6 Odor-Eating Ghosts
Ghosts in this category feed off the smell of food offered to deities. In life, these people didn’t share the best foods with their spouse or family members.
7 Dharma-Eating Ghosts
These repulsive ghosts are bony and emancipated, with protruding veins along their body. Insects swarm around them, slowly nibbling away. Their only sustenance is to hear monks at the temple teaching Dharma. They tend to cluster around temples anytime there is a Dharma talk. In life, they spread false teaching of Dharma.
8 Water-Eating Ghosts
These Gaki have desiccated and brittle bodies. They live near drains or rivers and slurp up water, but with their dry, withered bodies make it hard to hydrate. They can only swallow small droplets of water at a time because they try to grab it with their hands and it slips through their fingers. In life, these people were brewers of alcohol, but they tampered with their product by adding worms or insects.
9 Living-On-Hope Ghosts
These spirits are extremely hairy with deep wrinkles on their faces. The can only consume offerings made by mourners to honor deceased parents. THey frequent funerals. In life, these people profited off the misfortune of others by selling goods at inflated prices.
10 Spittle-Eating Ghosts
These Gaki hunger for human spit and they follow those who spit often. In life, they offered impure food to monks.
11 Garland-Eating Ghosts
These ghosts can appear in dreams to scare people. They crave offerings intended for Buddha or monks. However, once they have these offerings in hand, the garland attached itself to the ghost to torment it. In life, these people were caught stealing from religious places.
12 Blood-Eating Ghosts
These Gaki are attracted to blood. They will influence the mind of a victim to self-inflict wounds in order to draw blood.

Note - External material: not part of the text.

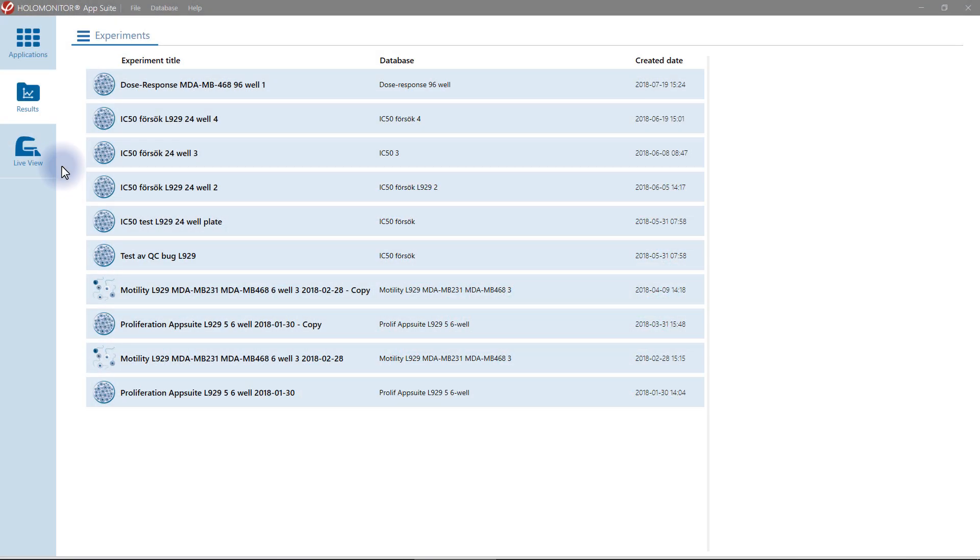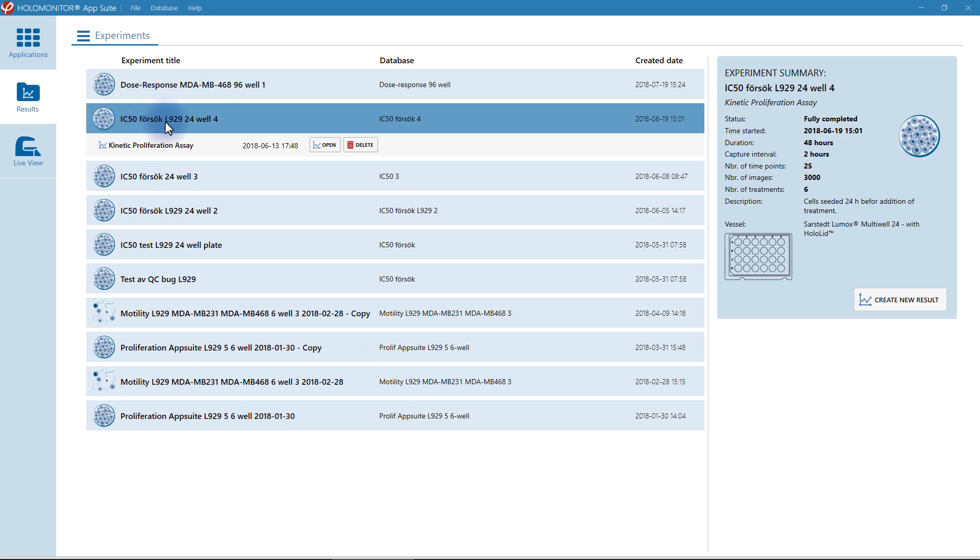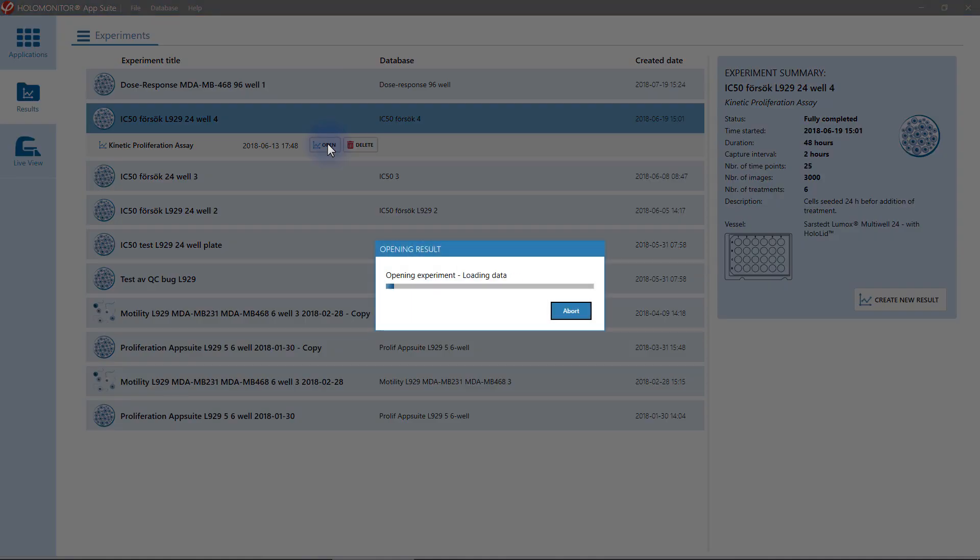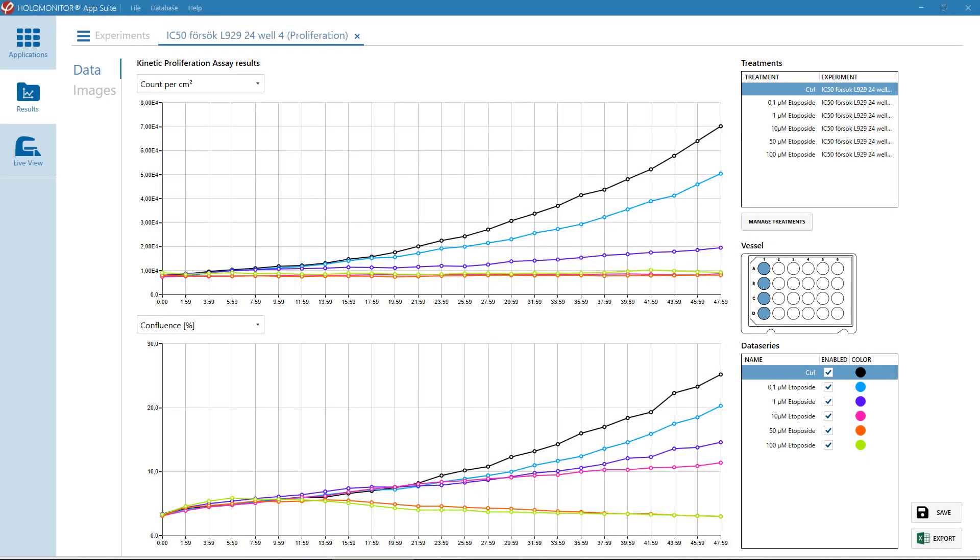All your data is stored in a result folder. Just select experiment and relevant results. Graphs, tables, and images are immediately provided. And if you wish to investigate results in further detail, the data can easily be exported to Excel.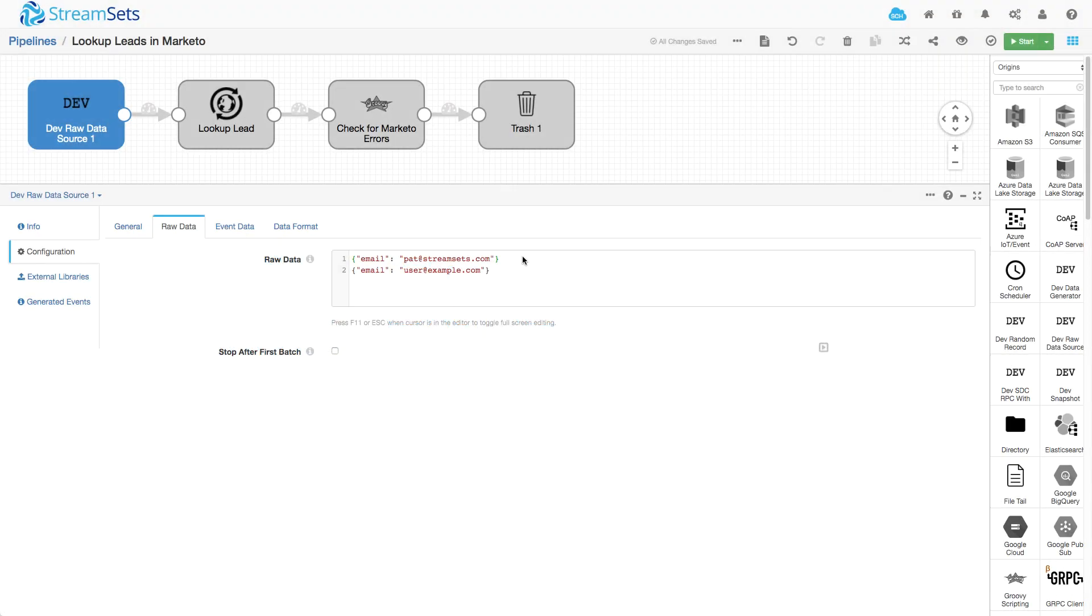Here's how I look up leads in Marketo from a StreamSets Data Collector pipeline. I've got two test records here using the DevRAW data source. I've got an email that I know is in Marketo and an email I know isn't, just to show you the difference.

Another type of ghost with supernatural power. They are attracted by blood and blood sacrifice. Some people mistaken them as gods and make blood offerings to them and pray to them for material gains.
13 Flesh-Eating Ghosts
These ghosts feed on various meat offerings, preferring raw meat to blood. In life, these people were butchers who took advantage of customers by short selling meat.
14 Fragrance-Eating Ghosts
Gaki of this sort yearn for incense and sweet smells. They have the ability to fool people into worshiping them in order that someone will burn incense. In life, they sold low-quality incense at high prices.
15 Harmful-Conduct Ghosts
These ghosts feed off the wicked deeds of unsavory people. They delight in epidemics and death, often traveling thousands of miles in seconds to find a meal. In life, they encouraged people to donate to the poor, but kept the donations for themselves.
16 Looking-For-The-Right-Opportunity Ghosts
These ghosts have hairy bodies and are always surrounded by flames. They feed off the negative energy generated from weak-willed people — a sort of energy vampire. Meditation and chanting can strengthen the mind and thus fend off these ghosts. Instead of a former human life, these spirits are yakṣa, a nature-spirits.